Sebulan berikutnya, bagi hasil tetap lancar. Popularitas investasi itu semakin moncer. Hingga tiba-tiba pada April 2002, tidak ada transfer dana dari QSAR. Saya masih santai saja mengira ini hanya keterlambatan biasa. Bulan Mei, ternyata tidak juga ada transfer.
Masuk bulan Agustus, semakin banyak pengaduan mengenai macetnya investasi ini. Kami di redaksi Kompas pun menaruh perhatian pada masalah ini karena banyak investor yang dirugikan, termasuk saya.

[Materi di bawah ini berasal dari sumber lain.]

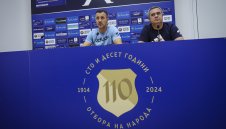 "Синя" аларма: Хебър е хапал Левски лошо на "Герена"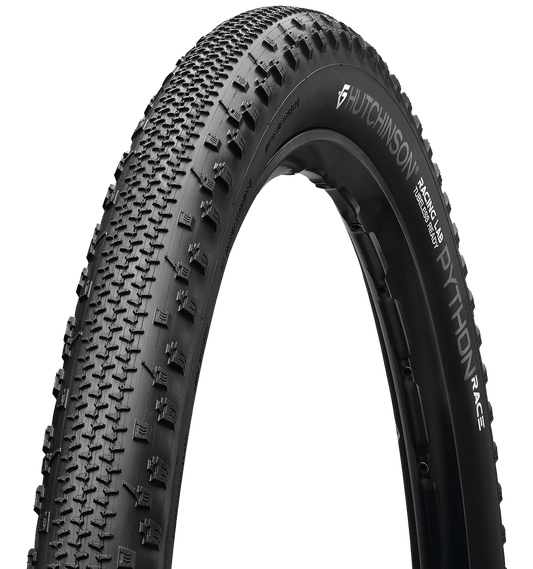 HUTCHINSON PYTHON RACE 29x2.40 Racing Lab Race Ripost XC Tubeless Ready Miękka opona czarna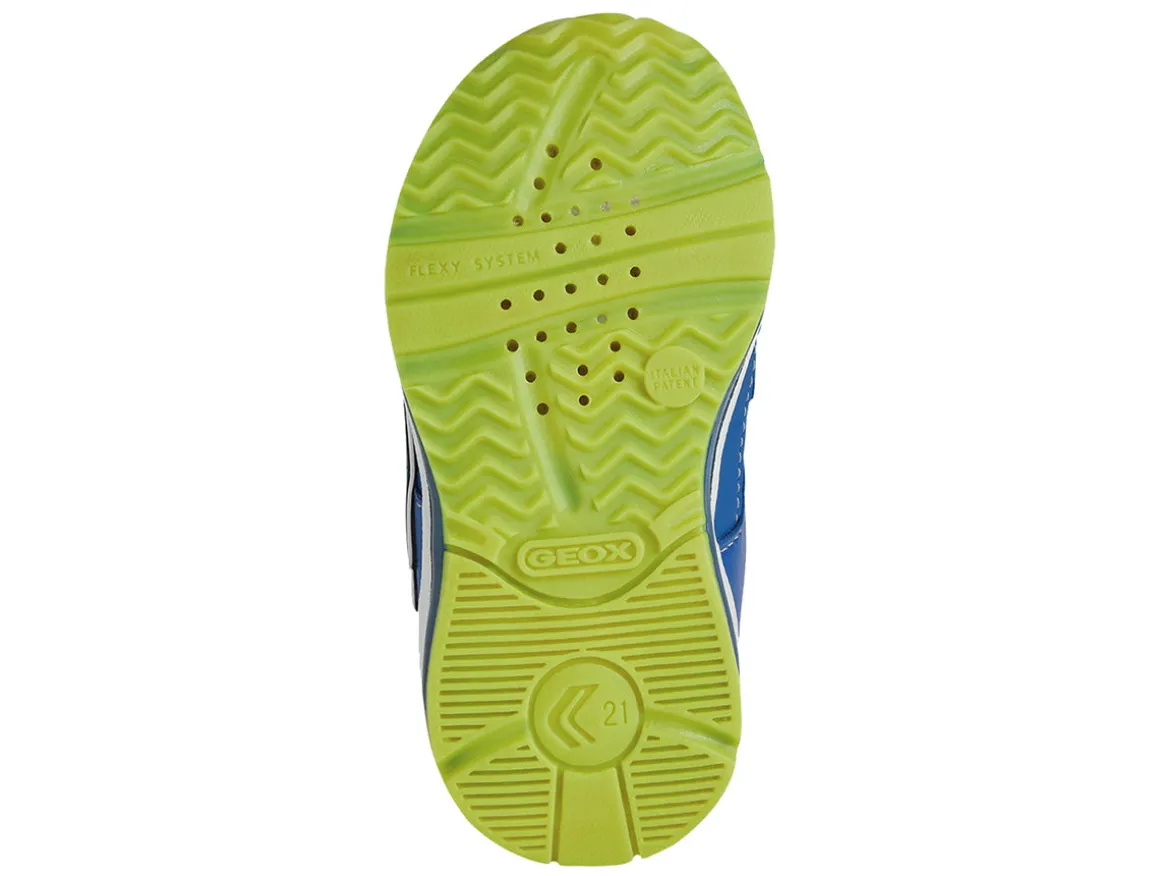 geox_todo_ba__royal_lime__6.webp Geox Todo B2584A - Royal Lime Green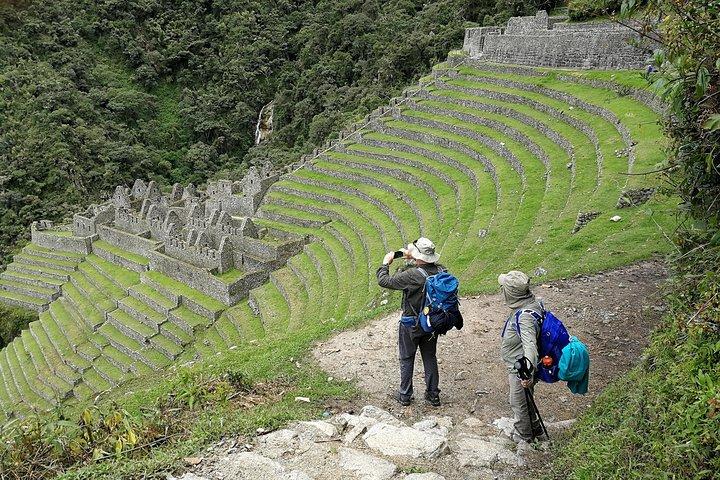 2 Day Inca Trail to Machu Picchu (Tour Privado)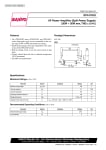 Интегрална схема  STK4152II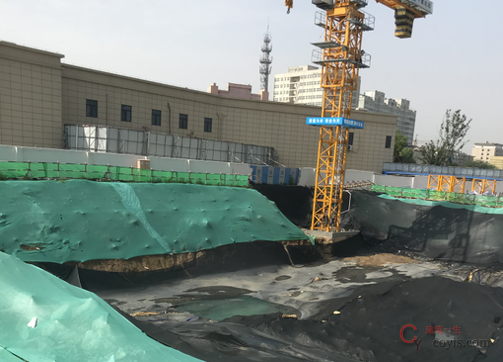 基坑类现场实施问题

Akhirnya, saya, rekan saya sesama wartawan Kompas, Andreas Maryoto, dan fotografer Kompas Yuniadhi Agung berangkat ke Sukabumi. Bagi saya, liputan ini menjadi liputan partisipatif. Tidak hanya memburu berita, tetapi juga ingin mencari kejelasan investasi di QSAR.
Mengambil aset
Sesampainya di Sukabumi, kantor QSAR ternyata dalam keadaan kacau. Para investor yang datang memperebutkan aset yang ada. Mereka mengangkut komputer, meja, kursi, hingga lemari.
Sayangnya, para pegawai yang bertahan tidak tahu banyak hal. Mereka bahkan sudah tiga bulan tidak digaji. Sementara para direksi bagaikan lenyap ditelan bumi.
Beberapa investor mencoba mencari tahu mengenai investasi mereka. Ada yang menyetorkan uang Rp 40 juta, bahkan ada yang telah menyerahkan uangnya Rp 500 juta. Salah satu investor yang kami temui mengatakan, ibunya sampai menjual rumah demi diinvestasikan di QSAR.
Investor lain sampai tidak berani pulang ke rumah karena takut dimarahi suaminya akibat investasi yang jeblok. Kisah-kisah investor seperti ini selalu terdengar dalam kasus-kasus investasi bodong. Menurut data kepolisian, total ada 6.000 investor yang menanamkan uang di QSAR dengan jumlah dana mencapai Rp 500 miliar.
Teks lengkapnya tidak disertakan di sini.